Mi ricordo il giorno in cui mamma è partita: era la prima volta che ci separavamo. Io non l’ho accompagnata fino a dentro l’aeroporto perché avevo paura che mi prendessero senza documenti. La guardavo da lontano e piangevo. Ma non avevo scelta, la mia famiglia aveva investito delle speranze su di me, sapevano che non li avrei delusi”.

In Marocco Siham aveva una vita difficile: “non ho mai pensato a giocare, a essere spensierata come i bambini della mia età ero già grande a 6/7 anni.
Ho bruciato tutte le tappe, volevo migliorare, essere indipendente, guadagnare soldi per la mia famiglia”.

Siham rimane in Svizzera per due anni, fino a che non è fermata dalla polizia locale e rimpatriata in meno di dieci ore, con i vestiti che ha addosso.
“E’ stato molto traumatico per me, da un giorno all’altro mi sono trovata ad essere una miserabile, non mi avevano lasciato neanche il tempo di riprendere le mie cose. Avevo 700 franchi svizzeri in tasca con cui hanno pagato il mio biglietto”.

In Marocco passa un anno d’inferno, si deprime “non avevo più nulla e vedevo tutto nero.
In Svizzera ero cresciuta di altri dieci anni avevo gustato l’indipendenza, la libertà, un paese civile. Ancora a distanza di tempo sento l’utilità di quell’esperienza nella mia vita quotidiana: sono puntuale, corretta”.
Nel ’99 arriva però un’opportunità lavorativa per andare in Italia.
La sua vita a Roma cambia completamente: apre un centro estetico specializzato in cera araba, Sherazade, si fa una famiglia, ha due figli che ama, un marito che la rispetta, aiuta, con cui si confronta: “Ho lavorato per averla. Sono realizzata nel mio lavoro. A volte sono gelosa e possessiva delle mie cose, perché ho paura di perderle. Sembro aggressiva e scontrosa, ma è una forma di difesa. Non mi è stato regalato niente nella vita, ogni goccia, ogni granello di sabbia l’ho guadagnato lottando e ho paura di vivere in un sogno, e che possa finire”.
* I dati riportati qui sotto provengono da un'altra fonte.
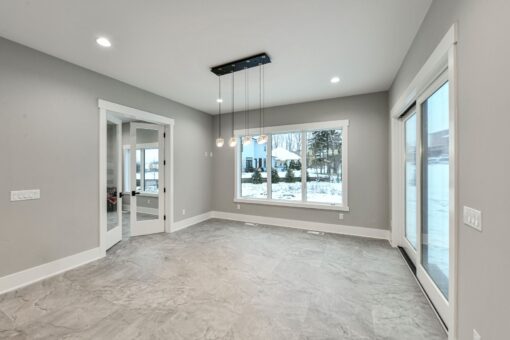 Hawks Ridge breakfast area with linear chandelier and windows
Quest’anno il festival è incentrato soprattutto sulla figura della donna in nord Africa. “Penso che sia importante che mi abbiano scelto come giurata perché sono una di loro. Mi vedrò nello specchio: le donne dei film saranno la mia immagine riflessa”.

Quando torna in Marocco si rende conto che non tutte le donne hanno avuto la sua fortuna ma a volte “vedo i miei occhi di trent’anni fa in qualcuna di loro e gli auguro davvero che possa avere lo stesso mio percorso. Se non fossi stata povera non sarei mai andata via dal Marocco, lo amo tantissimo. E’ il paradiso in terra, me ne sono andata per rinnovarmi e migliorare, ma amo il mio Paese, moltissimo”.